> **WORK INSTRUCTION**: For this exercise, write out only the lines of the entries below from the one with "One such quantum" up to and including the one with "I'm not the", exactly as they are. Pictures stay out.

> **RECORDED INFORMATION**:
┏━━

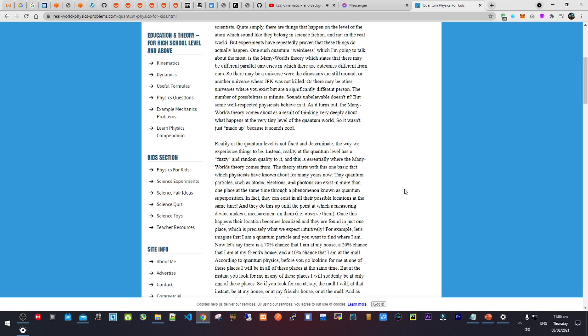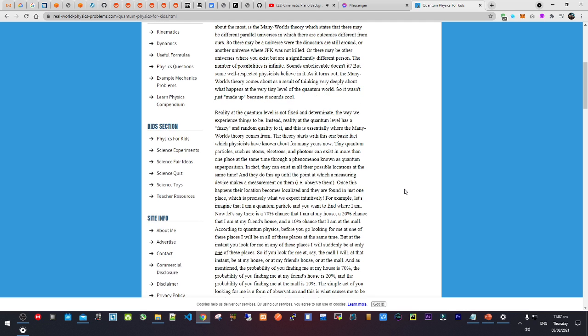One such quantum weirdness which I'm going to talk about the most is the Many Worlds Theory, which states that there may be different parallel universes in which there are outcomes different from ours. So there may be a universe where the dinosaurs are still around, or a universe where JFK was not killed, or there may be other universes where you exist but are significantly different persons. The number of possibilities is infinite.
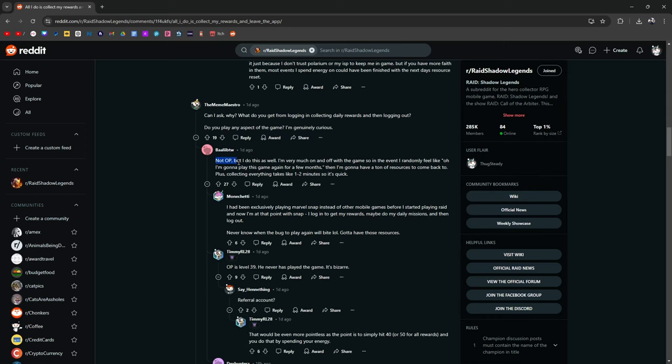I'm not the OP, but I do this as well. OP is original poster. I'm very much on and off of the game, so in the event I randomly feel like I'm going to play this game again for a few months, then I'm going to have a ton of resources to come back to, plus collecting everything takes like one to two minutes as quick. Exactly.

┗━━
┏━━

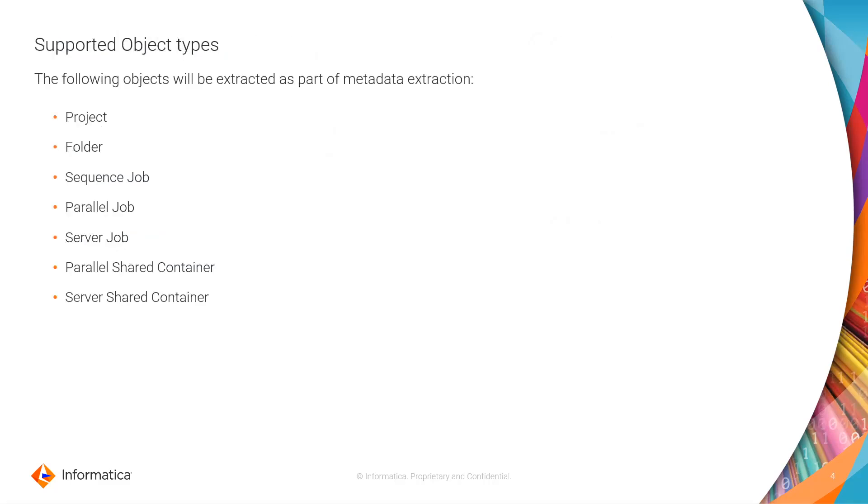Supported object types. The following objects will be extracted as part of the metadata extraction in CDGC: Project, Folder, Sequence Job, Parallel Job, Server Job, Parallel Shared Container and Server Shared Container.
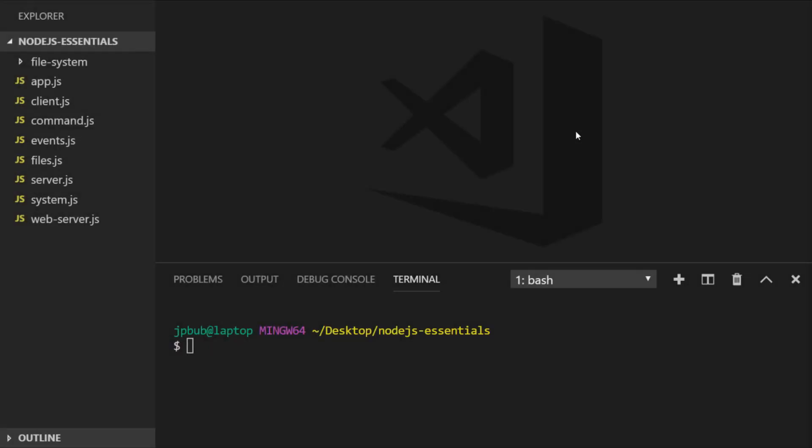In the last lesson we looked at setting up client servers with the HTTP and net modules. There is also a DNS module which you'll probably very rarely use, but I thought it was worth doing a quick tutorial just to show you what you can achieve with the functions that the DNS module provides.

┗━━
┏━━

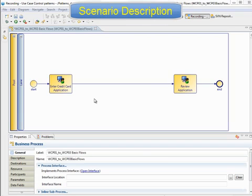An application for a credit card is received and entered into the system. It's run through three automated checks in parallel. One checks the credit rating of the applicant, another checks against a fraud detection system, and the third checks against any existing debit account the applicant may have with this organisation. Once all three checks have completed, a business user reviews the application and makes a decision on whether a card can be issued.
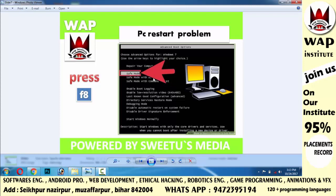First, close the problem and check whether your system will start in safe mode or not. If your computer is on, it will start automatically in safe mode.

┗━━

> **ANSWER SPACE**:
One such quantum weirdness which I'm going to talk about the most is the Many Worlds Theory, which states that there may be different parallel universes in which there are outcomes different from ours. So there may be a universe where the dinosaurs are still around, or a universe where JFK was not killed, or there may be other universes where you exist but are significantly different persons. The number of possibilities is infinite.
I'm not the OP, but I do this as well. OP is original poster. I'm very much on and off of the game, so in the event I randomly feel like I'm going to play this game again for a few months, then I'm going to have a ton of resources to come back to, plus collecting everything takes like one to two minutes as quick. Exactly.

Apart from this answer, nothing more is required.